[Task to complete]: From the listing below, please restate exactly the lines beginning at the one with "HOMCOM Tall Bathroom" and ending at the one with "Star Wars Yoda Meme", both included, and skip the pictures.

[Raw data]:

——

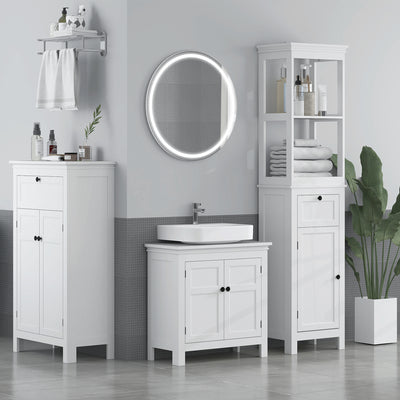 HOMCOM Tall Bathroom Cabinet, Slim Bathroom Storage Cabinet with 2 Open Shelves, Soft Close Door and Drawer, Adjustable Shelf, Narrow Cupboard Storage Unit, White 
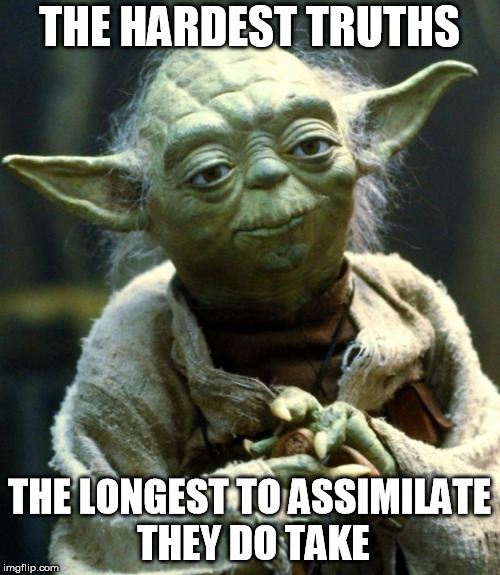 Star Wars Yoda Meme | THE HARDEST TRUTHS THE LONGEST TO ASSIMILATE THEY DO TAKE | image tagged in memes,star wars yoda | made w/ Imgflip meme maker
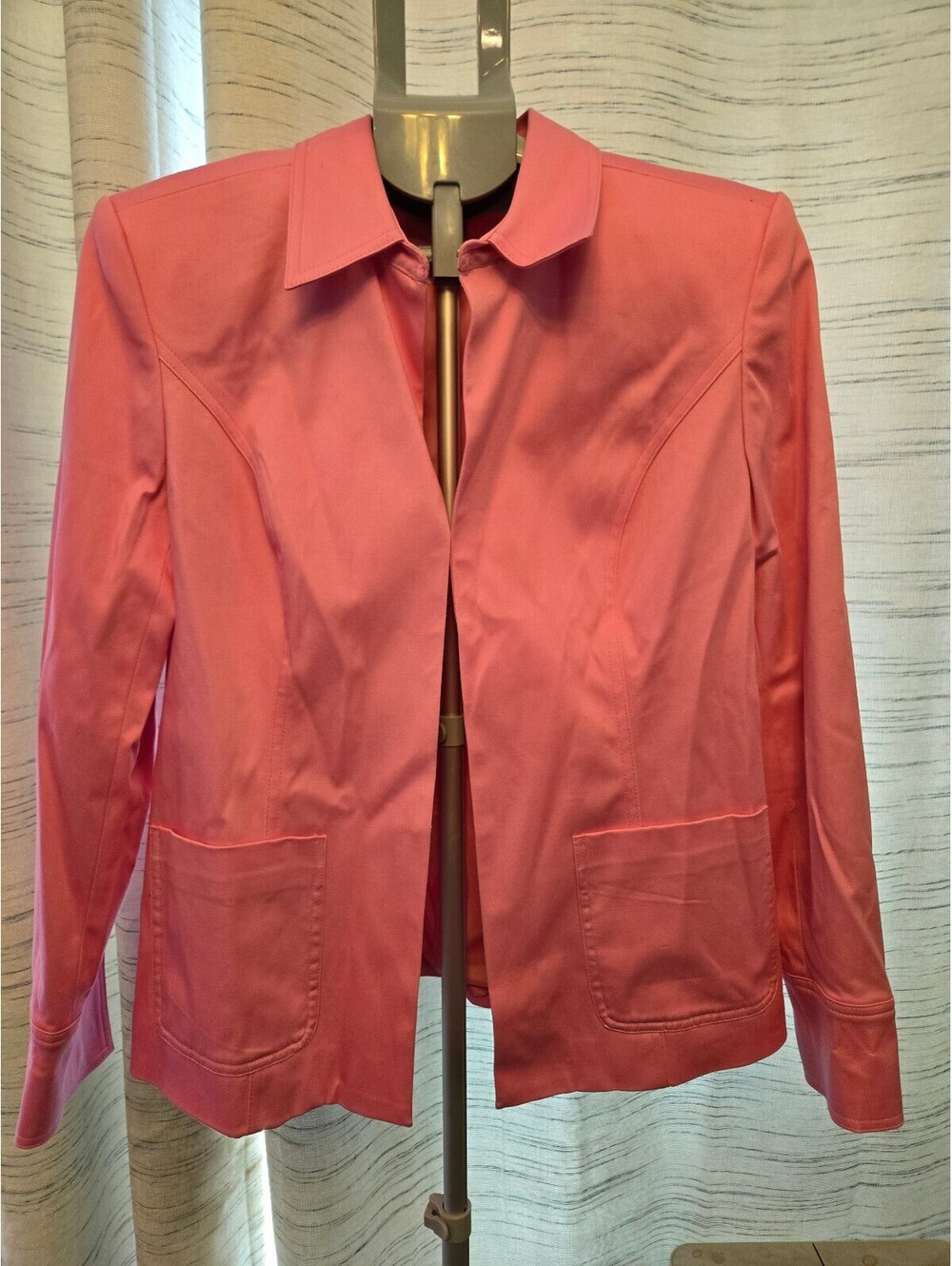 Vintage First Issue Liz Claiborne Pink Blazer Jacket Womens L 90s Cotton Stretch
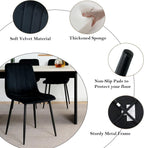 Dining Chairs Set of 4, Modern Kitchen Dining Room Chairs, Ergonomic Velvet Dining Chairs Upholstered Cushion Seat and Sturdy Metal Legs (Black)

——

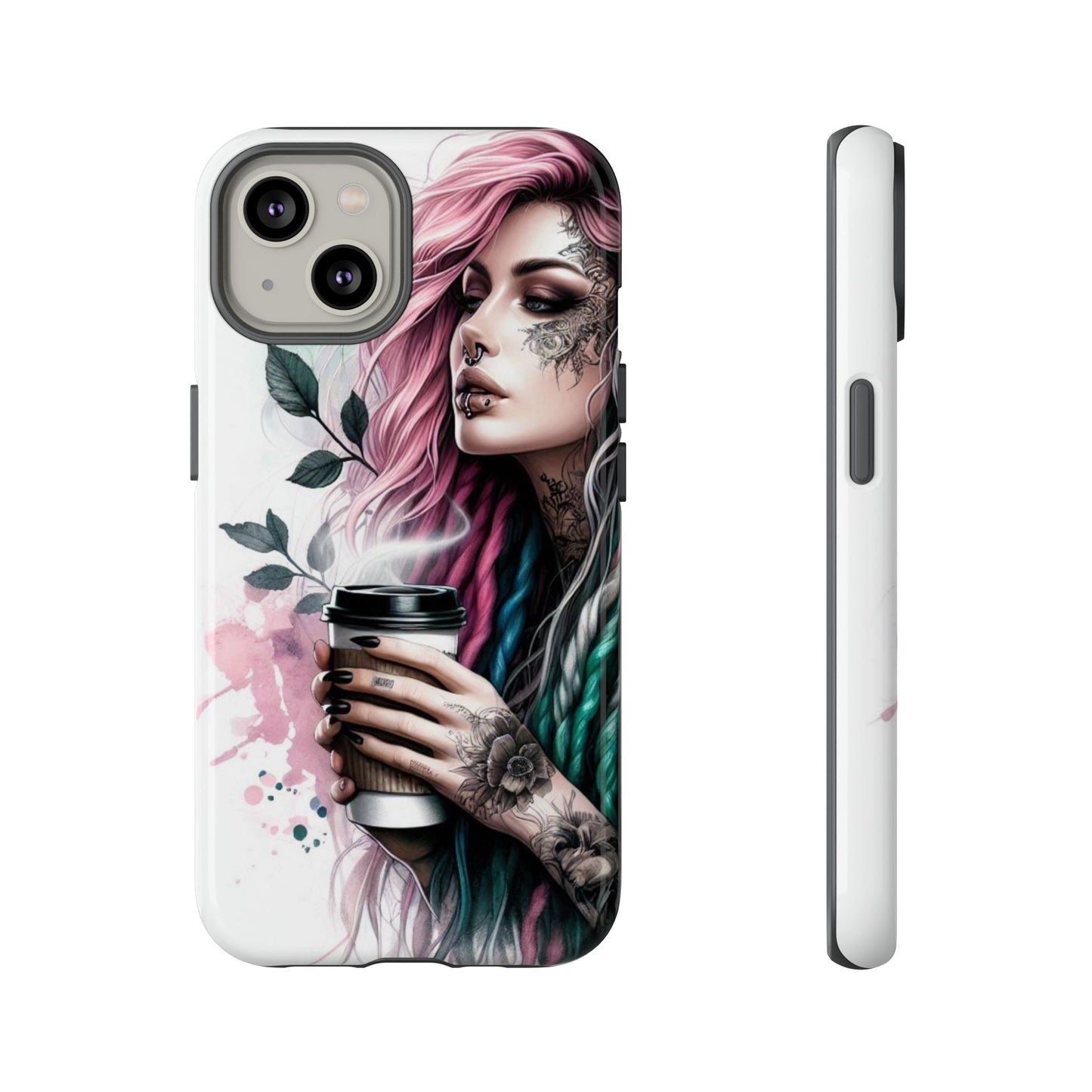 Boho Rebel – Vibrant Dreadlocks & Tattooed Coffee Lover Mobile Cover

——

[Result]:
 HOMCOM Tall Bathroom Cabinet, Slim Bathroom Storage Cabinet with 2 Open Shelves, Soft Close Door and Drawer, Adjustable Shelf, Narrow Cupboard Storage Unit, White 
 Star Wars Yoda Meme | THE HARDEST TRUTHS THE LONGEST TO ASSIMILATE THEY DO TAKE | image tagged in memes,star wars yoda | made w/ Imgflip meme maker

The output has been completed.